Quick Tip: Firming Up Your Understanding of Merchant’s Firm Offers
I recently discovered a common misconception among law students and bar exam takers about merchant's firm offers. Some people think that both parties must be merchants for a firm offer to be valid.
No! This isn't accurate.
Under UCC § 2-205 of the Uniform Commercial Code, specifically regarding a merchant's firm offer, it is not required that both parties be merchants.
Here are the key points of U.C.C. § 2-205:
A firm offer is an offer by a merchant to buy or sell goods in a signed writing that gives assurance that the offer will be held open.
This offer is irrevocable, even without consideration, for the time stated, or if no time is stated, for a reasonable time.
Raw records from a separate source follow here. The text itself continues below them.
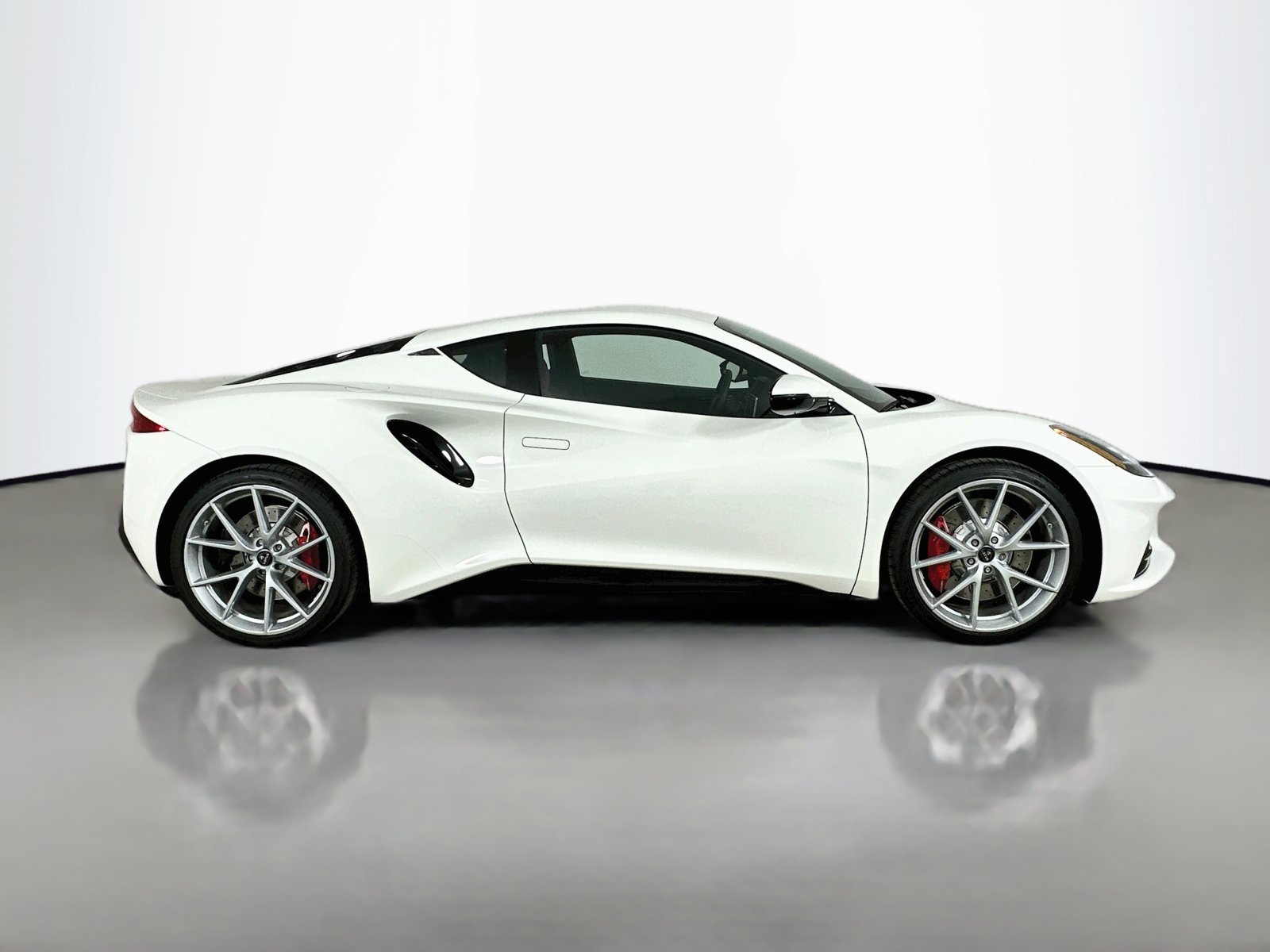 New 2025 Lotus Emira RWD image 4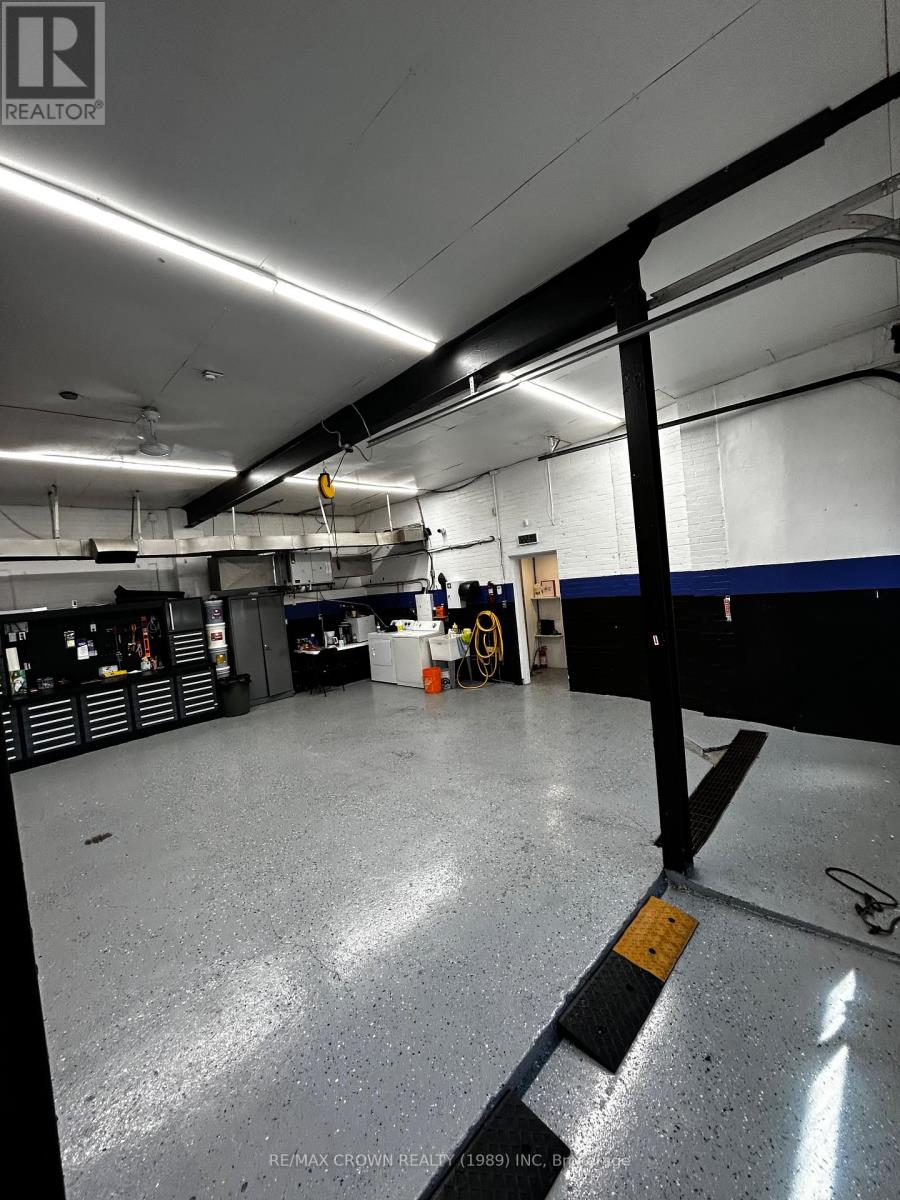 294 Main Street, North Bay, Ontario  P1B 1B1 - Photo 4 - X12493018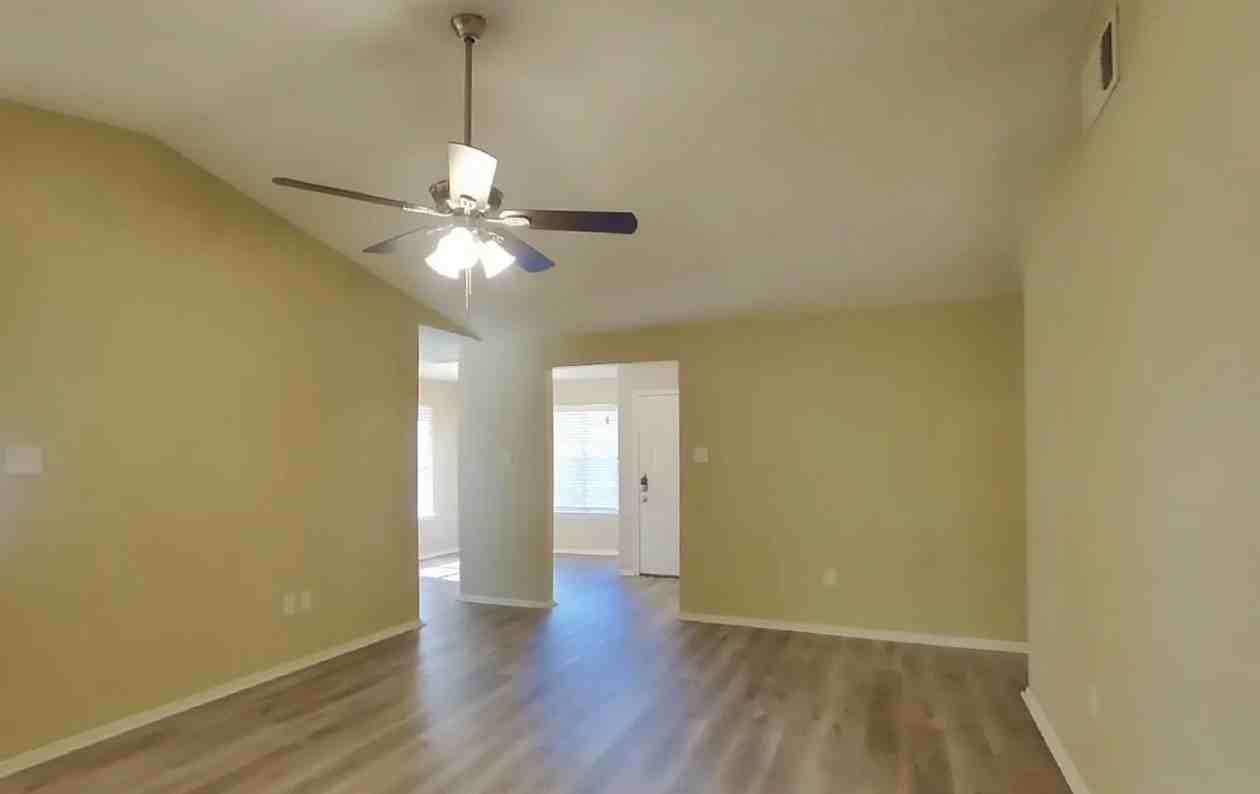 1014 Cedar Run Dr - Photo 6 of 17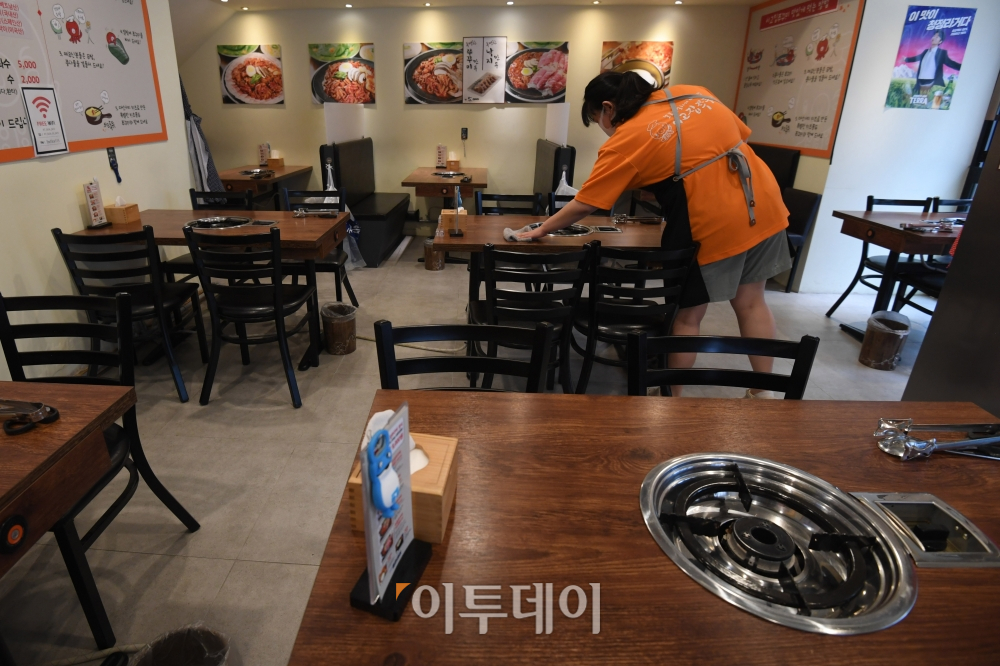 ▲서울 시내의 한 식당에서 직원이 영업준비를 하고 있다. 조현호 기자 hyunho@ (이투데이DB)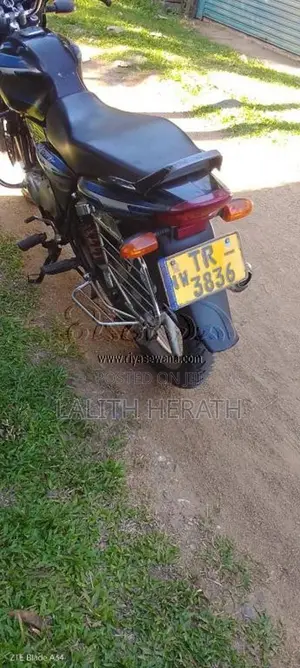 Bajaj DISCOVER 2007 Motorbike (Used)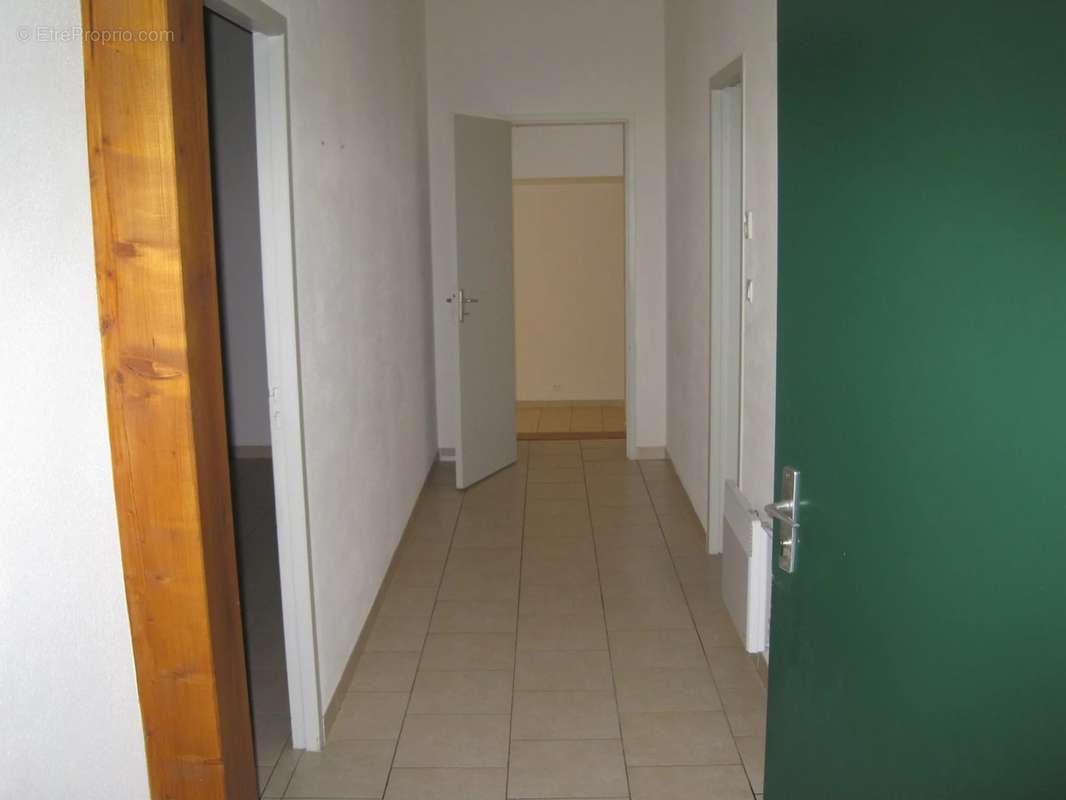 Appartement à VIC-FEZENSAC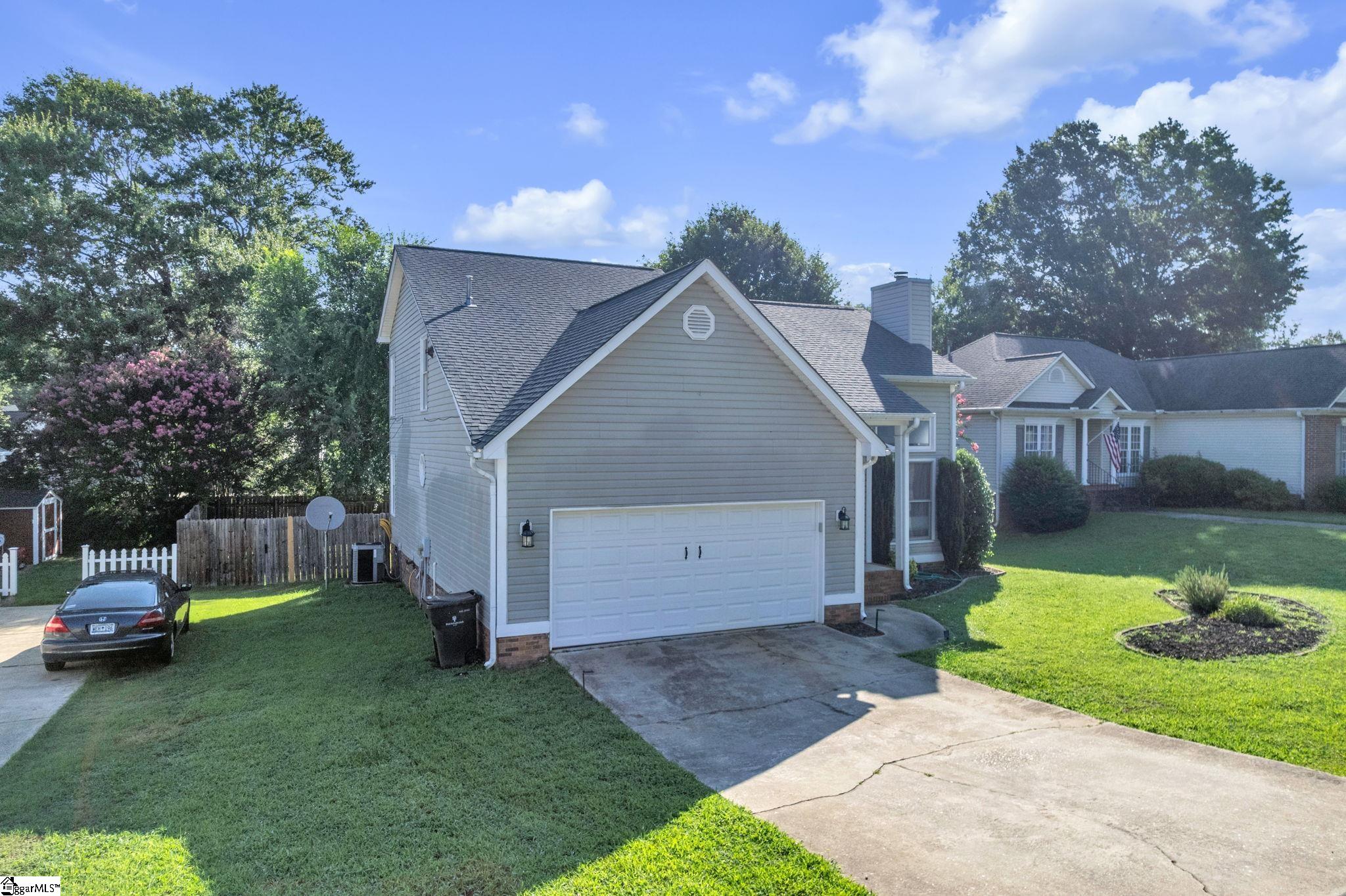 204 Flagstar Court Property Photo 3
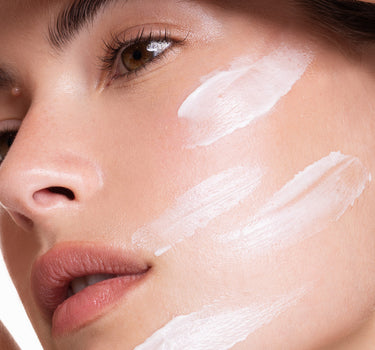 קרם יום במרקם קליל עם הגנה קומודקס  SPF 15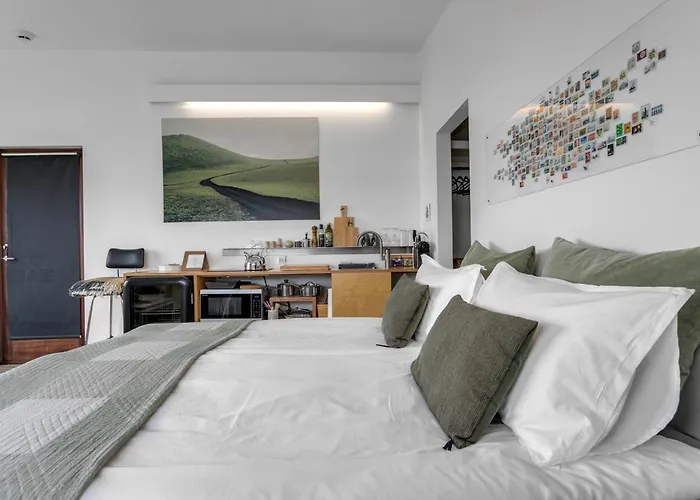 Eyvindarholt Guesthouse
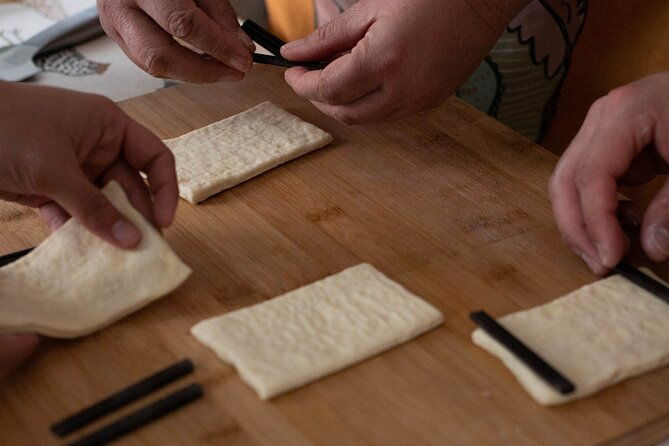 croissants-baking-class-near-eiffel-tower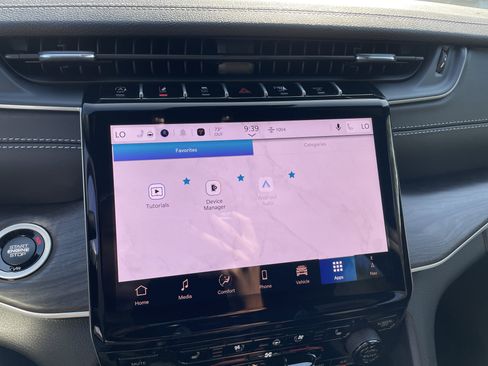 New 2025 Jeep Grand Cherokee Limited w/ Luxury Tech Group II image 48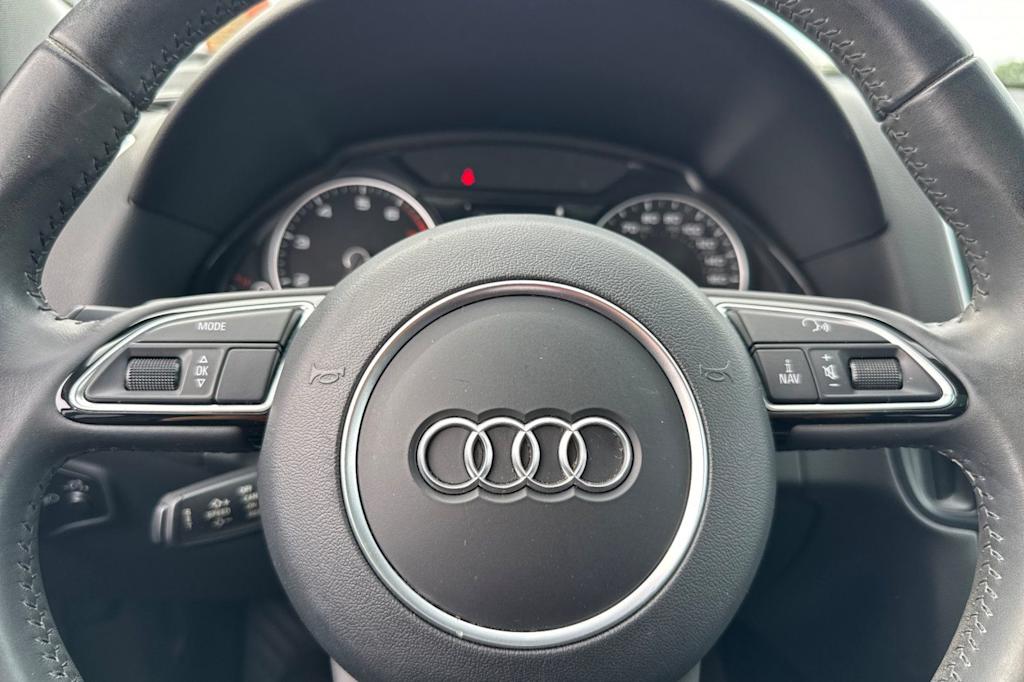 Thumbnail: 2013 Audi Q5 - 27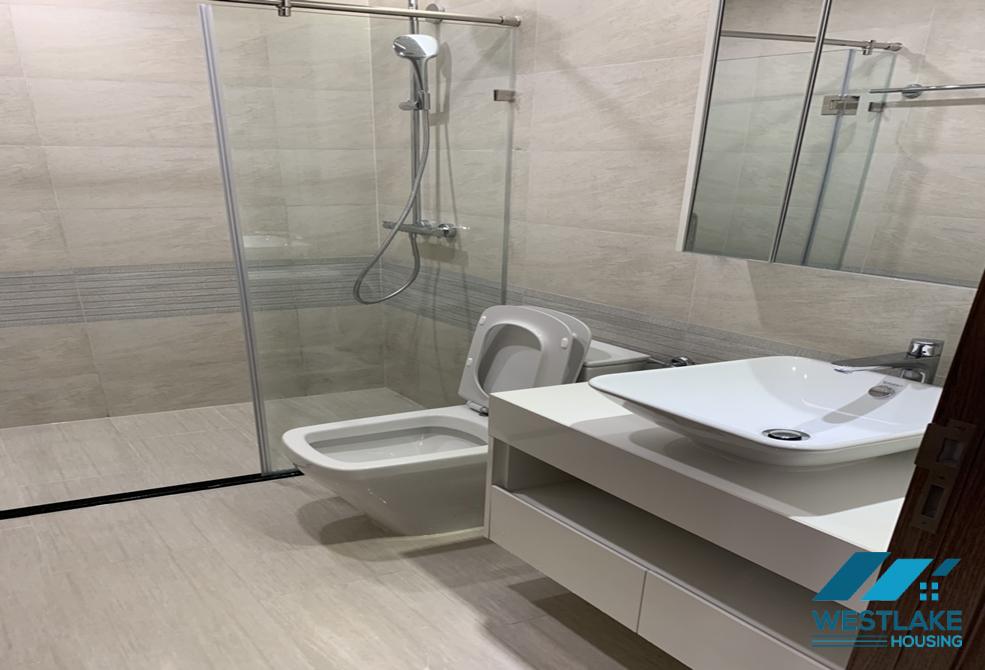 A high-rise apartment with 3 bedrooms for rent in Vinhome Metropolis, Ba Dinh, Ha Noi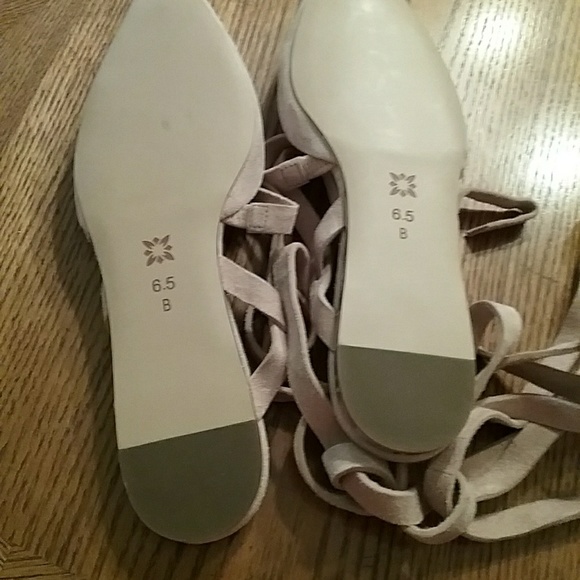BCBG  NWT shoes - Picture 3 of 7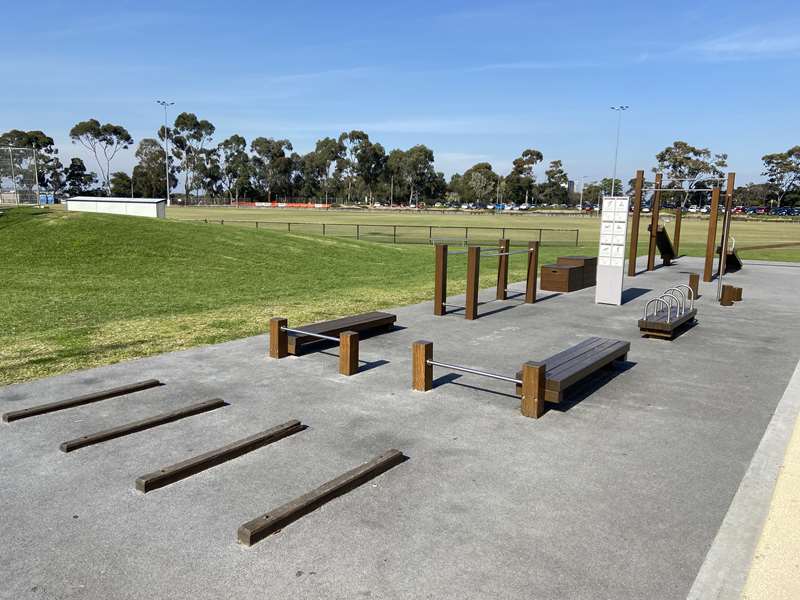 Monash University Caulfield Campus Outdoor Gym (Caulfield East)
However, this period of irrevocability cannot exceed three months.
To break it down by party:
Offeror: Only the offeror needs to be a merchant for the offer to be considered a firm offer under UCC § 2-205. (A "merchant" is defined in U.C.C. § 2-104(1) as a person who deals in goods of the kind or otherwise holds themselves out as having knowledge or skill peculiar to the practices or goods involved in the transaction.)
Offeree: The offeree does not need to be a merchant. The offeree can be any person or entity capable of entering into a contract.
So, to sum up, for a firm offer under Article 2 of the U.C.C., only the party making the offer needs to be a merchant. The other party can be a non-merchant.